Bize merhamet etmeyenleri üzerimize otorite yapma; Bize merahmet etmeyen bir yöneticiyi üzerimize musallat etme. Bize acımayan, şefkat ve nezaket ile yaklaşmayan kimseleri bizim üzerimize güç, kuvvet ve iktidar sahibi yapma.

Her insanın üzerinde bir otorite vardır.
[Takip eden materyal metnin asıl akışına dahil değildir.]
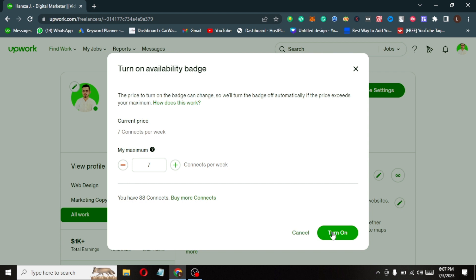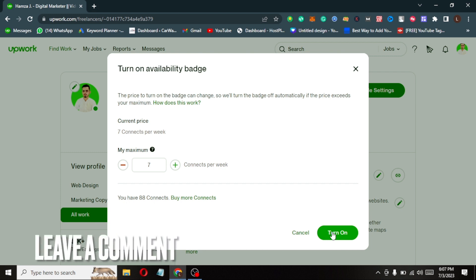If you wanted to know how to turn on the available now badge on Upwork, that's the easiest way I know how. If you know another way, leave a comment below. Be sure to subscribe for more videos.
Bu otorite anne, baba, koca ve öğretmenden tutun da siyasi iktidara hatta uluslararası güç odaklarına kadar uzanabilir.

Bir işçinin veya memurun kendisine acımayan zalim bir patronun veya amirin altında ne sıkıntılar çektiğini müşahade ettiğimiz dünyamızda – zira bu durumdaki bir kimse ne işi bırakabiliyor ne de devam edebiliyor- halkına merhamet etmeyip sadece kendi çıkarları için çalışan yöneticilerin altında ızdırap çeken halkları gördüğümüz günümüzde ey yüce Peygamber! Senin öğrettiğin bu duanın ne demek olduğunu çok iyi anlıyoruz. En güzel selamlar senin üzerine olsun.

Rabbim Efendimiz’in (S.A.V) Dua’ları ile sana iltica ediyoruz. Rabbim Efendimiz (S.A.V)  duası ile onun ummetim kardeşlerim duasına nail olmayı nasip eylesin RABBİM AZZE VE CELLE…

HATİCE BAŞKAN

Dipnotlar:

1) Furkan: 77.

2)Bakara: 186.

3) Ebu Davud, Edeb 103, Tirmizi Daavat 34.

4) Ebu Dâvud, Libas 1, Tirmizi, Libas 28.

5) Maalesef günümüzde bir çok insan manasız ve anlamsız bir hayat yaşamakta, böylece duygu anlam ve his yoksulu bir nesil türemektedir.

6) Tirmizi, Daavât 80.

7) Buhari, Megazi 60, Müslim, İman 29.